Lustlos fasse ich mich an, und merke bald, ich bin schon lange kalt.
So kalt, Mir ist kalt,
Before these lines they sing something about lying in the snow, so most likely "ich bin schon lange kalt" is referring to the temperature of his body. But there could also be a slight connotation regarding the second meaning of "kalt sein", because of "Ich hab keine Lust" which is not only the title of the song ("Keine Lust"), but is also repeated in almost every line. "Keine Lust haben", meaning that you don't bother, could lead into the direction of "kalt sein" in its figurative meaning. Though, reading the lyrics I wouldn't interpret it that way, just wanted to say that, since Rammstein songs are - as I already mentioned - very ambiguous.

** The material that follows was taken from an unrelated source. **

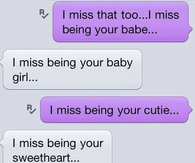 I miss everything, i miss you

Back to content, after he song that his body is cold he continues, by saying "Mir is kalt", that he is feeling cold.
Anyway, just to make it a bit more confusing. In some region instead of "Mir ist kalt", you may hear:
Ich hab' kalt.
While writing this answer, I saw you already found the solution yourself, but maybe some of the links I've collected are still useful.

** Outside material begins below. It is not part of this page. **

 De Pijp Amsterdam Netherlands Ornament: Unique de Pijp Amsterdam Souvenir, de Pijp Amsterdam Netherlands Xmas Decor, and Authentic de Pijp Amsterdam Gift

Nice question - you've hit the difficult problem of sentences without a subject. "
Mir ist kalt." lacks a subject in nominative case, but the sentence is still grammatically correct.
The other way - "
Ich bin kalt." is correct as well, but they have different meanings: "

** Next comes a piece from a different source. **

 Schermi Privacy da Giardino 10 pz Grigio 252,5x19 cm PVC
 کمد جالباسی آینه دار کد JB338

Mir ist kalt." describes a perception or a feeling - in English: "to feel cold". On the other hand, "
Ich bin kalt." just describes a fact: "I'm cold." So, you could say "
Das Wasser ist kalt.", but it would sound odd saying "
Dem Wasser ist kalt."
There are different descriptions for the grammatical structure in sentences like "
Mir ist kalt.":
When it comes to temperature, you would use "Mir ist..." normally. There are other connotations to using "Ich bin kalt / warm / heiß", which you would want to avoid.
- "Ich bin heiß" would mean "I am horny"
- "Ich bin warm" means "I am gay"
- "Ich bin kalt" means "I am frigid"
I suppose that "Mir ist kalt" is a statement about an external condition that is affecting a person, as opposed to "I am cold" describing your own internal condition. I think constructions like this can vary because of slight differences in perceptions of things.
Check out the Keine Lust lyrics:
He sings "Und merke bald ich bin schon lange kalt \ So kalt, mir ist kalt ...". As stated on the website:
"Kalt" here [in the first part] is used not to mean temperature, but temperament. In the next line, "Mir ist kalt" is used to mean temperature.
I should have googled first, I guess, but I did it after I read @efie 's answer. I found this and it explained that "mir ist kalt" is more like saying "it is cold to me" and that this and other phrases involving feeling and impressions often take this reflexive form.
In the phrase, "Mir ist kalt," I am the recipient of "coldness" (e.g. from weather). That translates idiomatically into "I am cold," in English, even though the literal translation is "It is cold to me."
In the phrase, "Ich bin kalt," the "coldness" originates with me. It means, "I am a cold person," not, "The weather is making me cold."
There may be nuances, regionally. But for me (Southern Germany), "mir ist kalt" sounds perfect as a translation for "I'm cold."
I would go so far as saying "ich bin kalt" is quite uncommon. At the very least, it's the stronger phrase (as in: "about to freeze"). As a second-person phrase, I think "er ist kalt" could even be a euphemism for "he's dead".